Quella di Marco Pannella fu certamente una rivoluzione incompiuta, causata da due fattori che spiego ampiamente nel libro. Il primo fattore è dato dalle circostanze, poiché Pannella attraverso il Partito Radicale voleva “conquistare” il Partito Socialista per trasformarlo in un “Partito liberale di massa” a cui avrebbe attribuito una tendenza profondamente radicale che avrebbe sconvolto i quadri politici del paese. Un tentativo che purtroppo nel 1979 non gli riuscì, soprattutto perché in quegli anni si insediò nel Psi la leadership di Bettino Craxi che ne sconvolse il destino. L’altro fattore è dato dai limiti caratteriali di Pannella, che non è mai riuscito ad essere un aggregatore ed un mediatore e per questo è stato incapace di conciliare e mediare posizioni diverse che gli avrebbero permesso di realizzare il suo progetto.
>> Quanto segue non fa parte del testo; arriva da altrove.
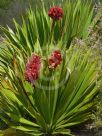 Doryanthes palmeri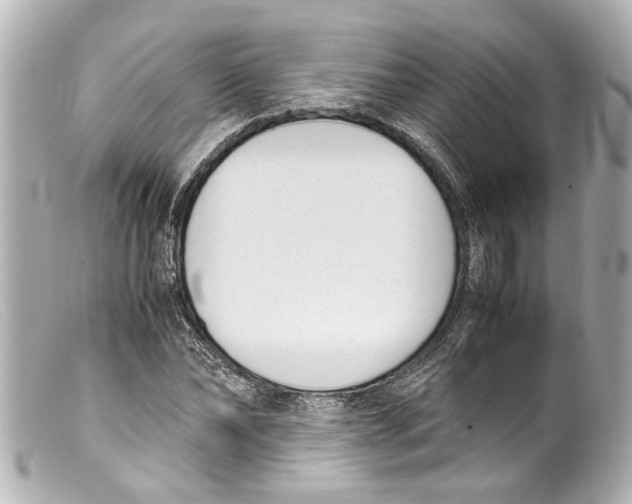 X0000099400878200805291208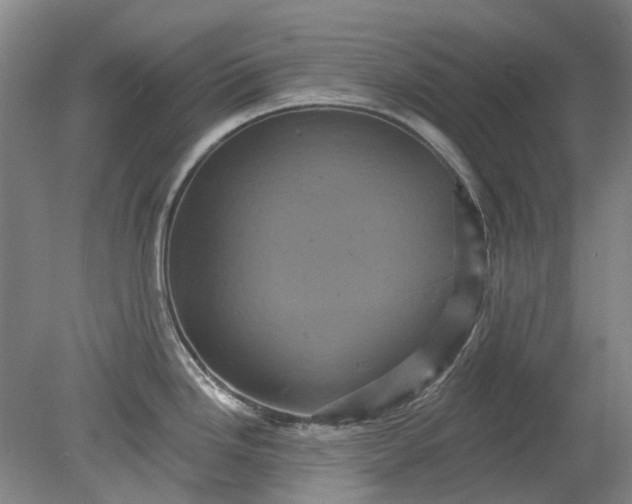 X0000079331246200612011900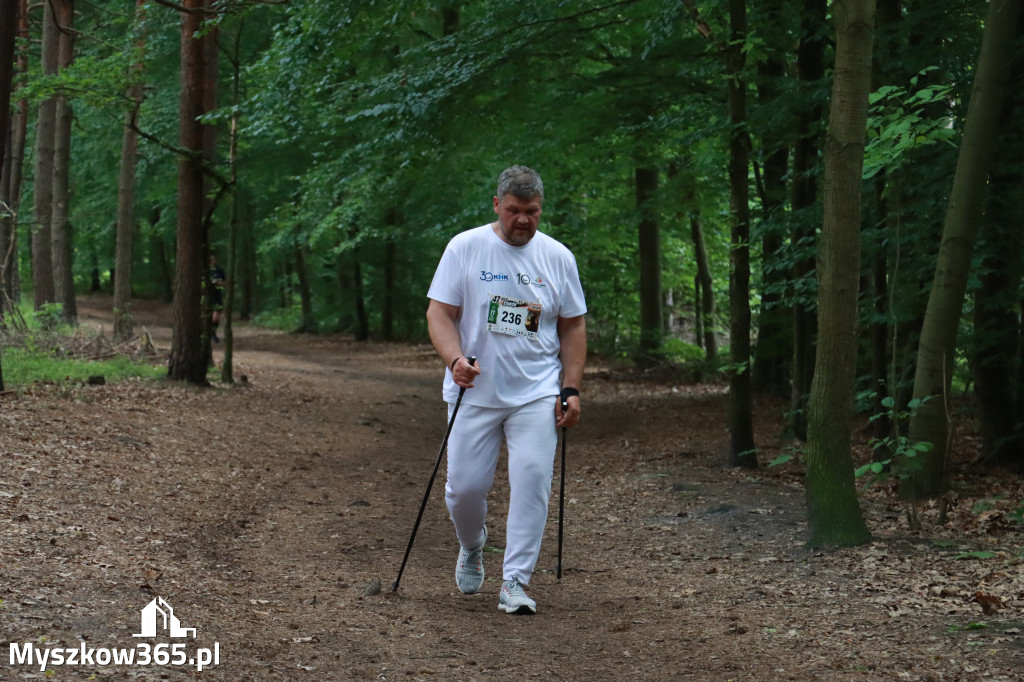 Fotorelacja III: 47. Międzynarodowy Bieg V Stawów w Myszkowie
La sua era una operazione molto a la Mitterand che non poteva essere svolta da una personalità come Pannella, che aveva certamente portato delle notevoli innovazioni modernizzatrici nella politica italiana col suo Partito Radicale, ma che allo stesso tempo non riuscì a compiere un salto di qualità capace di compiere il suo progetto e soprattutto di realizzare una rivoluzione liberale nel paese.


-Durante la stagione del centrismo degasperiano che ruolo hanno giocato figure come Pacciardi, Einaudi, Croce, La Malfa, nonostante il peso elettorale minoritario, nella ricostruzione del paese?
Basta solo ricordare i nomi di questi statisti per vedere quanto le personalità abbiano un peso enorme in politica. Infatti nonostante essi appartengano a culture politiche con un peso elettorale minoritario, sono riusciti a rappresentare questa tradizione attraverso ruoli decisivi nella storia del nostro paese che superano la consistenza elettorale del Pri, del Pli e del Partito d’azione, riuscendo a essere alternativi tra un mondo massimalista e comunista da una parte e una tradizione cattolica democristiana dall’altra. Una componente minoritaria che permane nella storia politica italiana insieme alla spaccatura tra tradizione massimalista e gradualista all’interno della sinistra politica.

Il mito patriottico costituzionale ha impedito una modernizzazione del paese, chiudendo aprioristicamente a qualsiasi revisione?
Secondo me si, poiché la costituzione, figlia di un determinato momento storico, garantisce certamente ampi e diffusi poteri di veto rispetto gli esecutivi che non aiutano i governi durante la loro azione, ma rendono più complessa la gestione dei governanti. Queste criticità sono emerse sempre di più durante la fine della prima Repubblica, ai tempi della prima commissione bicamerale, presieduta dall’on. Bozzi, ma non vennero affrontate dalla classe politica, dimostrando che la proposta della modifica della costituzione resta ancora oggi un tabù che non abbiamo minimamente superato. Nel nostro paese per ragioni culturali da una parte, per interessi personali dall’altra, permane la volontà di non permettere all’esecutivo di avere gli stessi poteri che hanno, per esempio, i primi ministri in Gran Bretagna ed in altri paesi occidentali.

Oggi molti cronisti parlano di restaurazione liberale, che ne pensa?
Io quando sento parlare di Restaurazione Liberale non riesco a rimanere serio, sono solo parole in libertà. Non vedo restaurazione di nessun tipo.

Da tangentopoli ai 5 stelle lo spirito giustizialista non solo non si è mai sopito ma sta facendo nuovi anticorpi contro i tentativi di riforma garantisti, come quelli della Cartabia?
Certamente ci sono forti interessi che vogliono impedire una riforma dell’ordinamento giudiziario e che non si sono mai sopiti. Il problema è che con la fine del vecchio sistema dei partiti si è creato un vuoto di potere in Italia che è stato riempito non dalla politica ma da altri, ovvero dalla burocrazia e dal potere giudiziario.

Berlusconi, padre della rivoluzione liberale nostrana a distanza di anni è stato più un Crono o uno Zeus nella storia del nostro paese?
Certamente c’erano in Berlusconi, o almeno nel primo ingresso di Berlusconi in politica, elementi liberali, che hanno attirato intellettuali vicini al pensiero liberale, come Marcello Pera e Lucio Colletti, ma successivamente questa componente si è rapidamente esaurita. Per questo motivo non riesco a mettere Berlusconi sullo stesso piano di Pannella.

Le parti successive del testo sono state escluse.